Christmas Day Lunch dilemma - what would you do?

hi there Chowhounds, have got a curved ball situation regarding a Christmas Day Lunch that I've been invited to at a friends house.

This year, I've been unable to spend Christmas with my OH who has had to travel overseas so I am staying at home this year. A good friend of mine who lives nearby had suggested that I join him (and fellow christmas 'orphans/waifs & strays' at his house for Christmas Lunch, which I thought was very kind of him to do.

Last week, I asked if there was anything I could do to contribute to the event (you know in terms of cooking/bringing something etc - apparently he and another friend (who I have met 2 times but do not know so well) were going to be doing the cooking. He did say that if I could bring a few bottles of wine for the meal that would be great. So I've bought 2 bottles of white wine, 2 bottles of red and some nice chocolates. From what I understood from my friend I think there will be around 7 or 8 people in total at the lunch.

I've been out and about today, visiting friends and doing some last minute shopping. When I got back, there was a message from my friend on my answer machine, saying that for some reason, the cost of the christmas dinner food shopping was much higher than expected and that I now need to make a financial contribution towards the lunch, which totally contradicts our previous conversation and to be frank, for an English person a bit of a "nasty surprise".

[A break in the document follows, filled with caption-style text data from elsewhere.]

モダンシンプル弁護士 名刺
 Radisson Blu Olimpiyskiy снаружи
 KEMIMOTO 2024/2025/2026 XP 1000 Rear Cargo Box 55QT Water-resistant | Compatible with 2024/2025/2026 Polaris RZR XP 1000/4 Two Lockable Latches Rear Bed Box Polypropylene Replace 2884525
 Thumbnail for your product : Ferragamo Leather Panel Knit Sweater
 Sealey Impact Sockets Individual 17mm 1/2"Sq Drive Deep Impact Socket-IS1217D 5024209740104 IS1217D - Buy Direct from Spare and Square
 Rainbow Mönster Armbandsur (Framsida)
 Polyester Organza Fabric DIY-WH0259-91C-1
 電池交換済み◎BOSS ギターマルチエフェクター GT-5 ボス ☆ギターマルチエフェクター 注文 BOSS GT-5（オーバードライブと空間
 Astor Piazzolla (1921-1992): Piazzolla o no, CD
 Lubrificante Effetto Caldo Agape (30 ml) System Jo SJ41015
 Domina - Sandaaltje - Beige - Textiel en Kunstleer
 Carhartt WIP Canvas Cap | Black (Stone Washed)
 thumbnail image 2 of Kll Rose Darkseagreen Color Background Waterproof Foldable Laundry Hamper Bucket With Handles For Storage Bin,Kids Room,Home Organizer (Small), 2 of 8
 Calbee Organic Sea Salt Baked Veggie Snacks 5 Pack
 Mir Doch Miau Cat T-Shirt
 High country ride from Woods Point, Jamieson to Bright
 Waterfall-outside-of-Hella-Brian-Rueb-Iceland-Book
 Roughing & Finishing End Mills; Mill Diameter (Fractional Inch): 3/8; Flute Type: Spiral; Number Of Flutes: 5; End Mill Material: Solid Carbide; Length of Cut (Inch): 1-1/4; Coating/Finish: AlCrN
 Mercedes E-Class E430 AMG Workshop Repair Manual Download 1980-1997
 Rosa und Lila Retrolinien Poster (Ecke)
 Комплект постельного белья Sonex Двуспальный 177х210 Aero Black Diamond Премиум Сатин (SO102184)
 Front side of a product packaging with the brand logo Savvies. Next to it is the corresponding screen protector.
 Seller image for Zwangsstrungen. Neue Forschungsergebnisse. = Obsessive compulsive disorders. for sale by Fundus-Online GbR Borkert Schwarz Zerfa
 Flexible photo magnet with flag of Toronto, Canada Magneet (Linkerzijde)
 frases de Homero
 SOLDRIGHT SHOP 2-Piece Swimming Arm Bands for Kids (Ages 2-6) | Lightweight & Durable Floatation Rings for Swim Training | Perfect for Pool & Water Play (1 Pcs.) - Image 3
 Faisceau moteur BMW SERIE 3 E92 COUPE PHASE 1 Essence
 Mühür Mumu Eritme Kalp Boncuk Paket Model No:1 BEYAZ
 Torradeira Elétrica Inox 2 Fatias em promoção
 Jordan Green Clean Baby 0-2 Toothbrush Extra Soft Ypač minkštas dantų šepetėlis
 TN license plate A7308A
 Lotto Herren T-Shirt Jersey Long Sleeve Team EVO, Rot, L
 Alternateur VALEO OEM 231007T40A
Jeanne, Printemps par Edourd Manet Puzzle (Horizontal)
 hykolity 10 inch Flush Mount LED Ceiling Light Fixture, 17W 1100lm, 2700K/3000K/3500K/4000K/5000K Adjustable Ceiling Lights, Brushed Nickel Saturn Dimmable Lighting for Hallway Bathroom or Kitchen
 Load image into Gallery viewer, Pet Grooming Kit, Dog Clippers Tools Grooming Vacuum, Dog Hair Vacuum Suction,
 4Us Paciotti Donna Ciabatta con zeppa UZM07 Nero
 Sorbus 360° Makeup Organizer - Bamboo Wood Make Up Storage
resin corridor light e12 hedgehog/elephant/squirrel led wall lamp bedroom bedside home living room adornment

I'm a bit at a loss to know how to react appropriately to this. I feel rather like I have been tricked, conned or stitched up. I am starting to feel like I do not want to attend, it has upset me that much that I might end up getting bitter and twisted which would ruin the spirit of the shared meal on this special day.

Do I just suck it up and pay up?. He has said he requires a contribution from me of US $50..

I would say this seems quite out of character to me for him to behave like this. He frequently eats at my house, we've eaten dinner at his, he's normally a good host. The subject of money has never got involved in our prevous transactions and it is leaving a bitter taste as it now feels like a "done deal" without any prior consultation. I've not yet returned his call as it is late here in the UK and I'm still at a loss to know what to say!.
There will be time to make a call in the morning. Lunch is due to be served at 3pm.

Should I just put this down to Christmas over-emotion?
Any insight/angles or coping strategies for dealing with this graciously, tactfully yet appropriately assertively would be most appreciated.

It's not a topic that I can really ignore, it is like an elephant in the room!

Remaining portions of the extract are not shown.